第17回 国際出版研究フォーラム発表「デジタル・ネイティブと出版・メディア教育」柴野京子

デジタル・ネイティブと出版・メディア教育

柴野京子
(上智大学)

 本報告では,デジタル・ネイティブ世代を迎えた大学において,出版・メディア教育がどのように行われうるか,発表者による上智大学文学部新聞学科での実践を素材に,問題提起した。要旨は下記のとおりである。

1.デジタル環境における出版概念と教育

 出版デジタル化の焦点は,業界の危機でもアナログからの置き換えでもなく,グーテンベルク以来の大きな転換期の中で「出版」の概念をいかに再構築するか,であろう。

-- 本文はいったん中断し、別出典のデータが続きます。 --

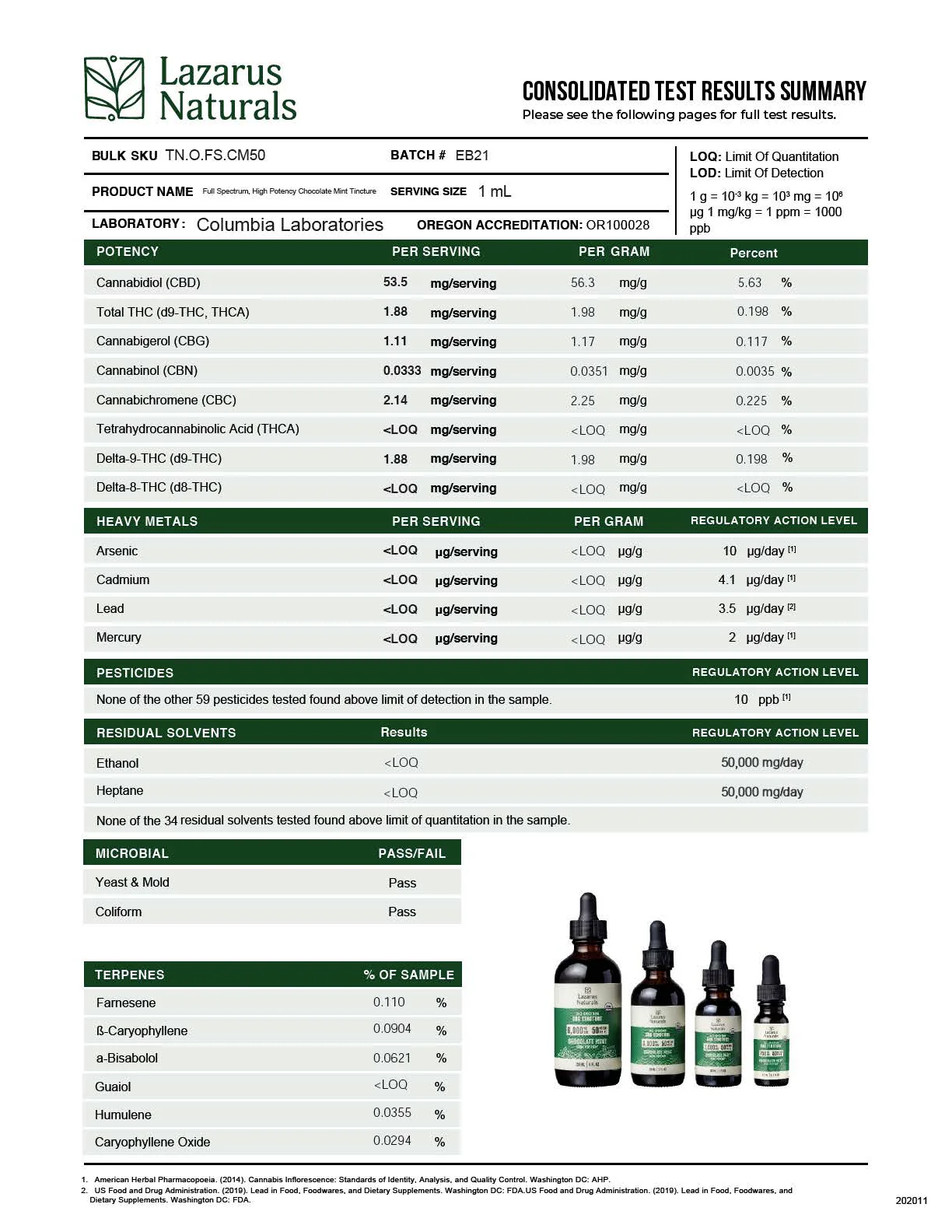 Chocolate Mint Full Spectrum High Potency Tincture - Image 4
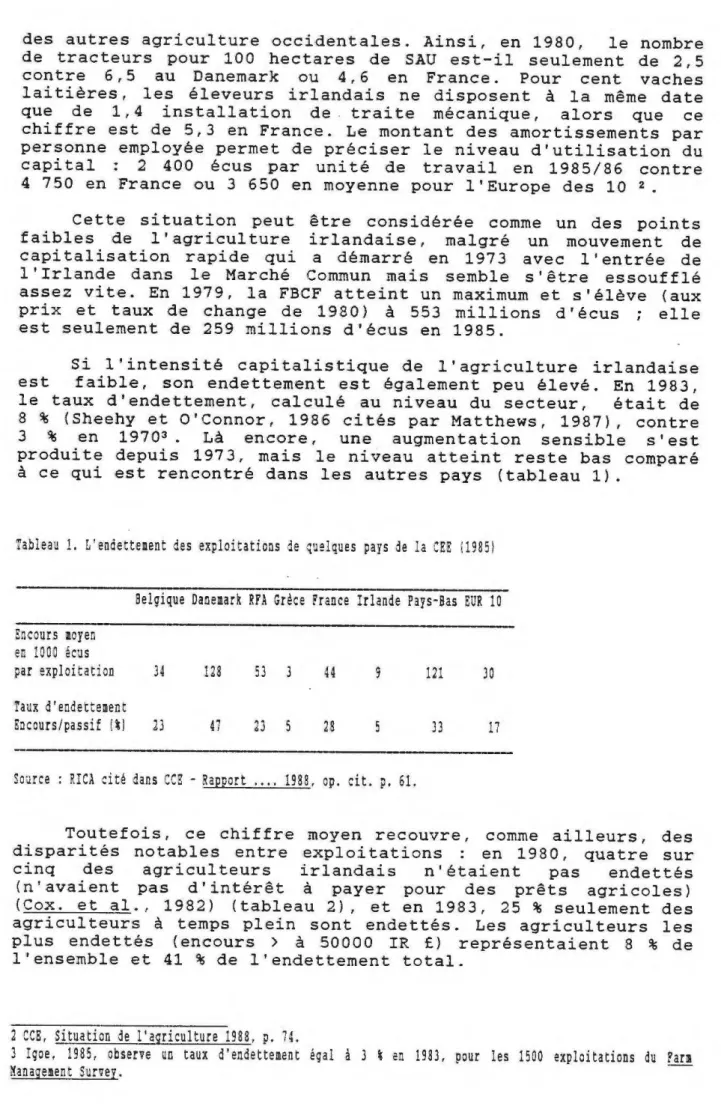 Tableau  1.  L'endettement  des  exploitations  de  quelques  pays  de  la  CKE  11985 1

したがって教育の柱もまた,そうした視点の獲得におかれる必要がある。発表者の担当する「出版論Ⅰ」(2年次以上)では,現状の出版産業の特徴と構造,インターネット・デジタル技術による動向と展望,図書館と書店の動向,の3パートに分けて講義を行っている。
 第1パート(出版産業の特徴と構造)では,書籍と雑誌が出版取次(卸売)と書店を通じて販売される,という日本の基本的特徴を軸に解説する。この特徴は流通に関してみられるものであるが,出版における経済はこの流通構造に拠っており,なおかつ日本における広い意味での知の流通基盤構造がここに築かれてきた,という二つの意味から重要である。たとえばアマゾンの問題は,素朴な「外敵」としてではなく,出版社,取次,書店の三者でドメスティックに成立してきた日本の「出版業界」を相対化する契機として考察しなければならない。また,インターネット書店そのものについては,書物の検索や入手を読者が自ら行うテクノロジーと位置づけることで,今まで人が書物とどのように接してきたのかを考えさせるトピックとなる。
 以上,業界構造の相対化を背景として理解させたうえで,第2パートのデジタル化に進む。学生たちの多くは「いわゆる電子書籍」に抵抗を感じているが,実際にはスマートフォンでマンガを読み,コピーの代りにキャプチャする。あるいは電子辞書やジャーナルを使い,PIXIVなどの投稿型プラットフォーム,キュレーションサイトを利用している。これらは,既存の出版とは異なるビジネスモデルによる「新しい出版形態」と考えることもできる。このように,無関係と考えていた出版デジタル化を複数の日常から気づかせることによって,学生の「出版」「デジタル化」に対する固定観念は大きく変わる。報告者は,この時代に青年期を迎える世代への出版教育として,ここにひとつの目標点をおいている。

2.デジタル・ネイティブに向けた情報リテラシー教育

 「メディア・リサーチ」は今年度から開始した演習で,1年次の必修科目である。昨年度までは模擬的な新聞を作成していたが,出版の構造に加えて,学生の情報環境をとりまく状況の変化に対応するため,カリキュラムを切り替えた。
 プログラムは,(1)資料探索・情報収集の基礎,(2)調査のリテラシー,(3)フィールドワークの三段階に分かれている。(1)の資料探索は,図書館の使い方やデータベース紹介から始め,新聞,雑誌,書籍のような紙資料と,デジタルアーカイブなどインターネット上のさまざまな情報ツールをそれぞれ例示しながら,特徴を解説する。また検索のTIPSも示し,大手検索サイト(グーグルなど)の上位結果で終始しないための方策も伝える。さらには具体的なテーマで集めたウェブ情報を比較検討し,レポートを書かせている。いわゆる「コピペ対策」でもあるが,より重要なのは,紙の資料ならば比較的明示的であった相互参照関係や関テクスト性を,ウェブ上でも認識させることである。

3.まとめ

 以上,出版のデジタル化について「出版」概念の再構築にともなう実践として報告した。デジタル・ネイティブを迎えた大学での出版教育は,その対象も教育環境も含めたデジタル化として検討しなければならないだろう。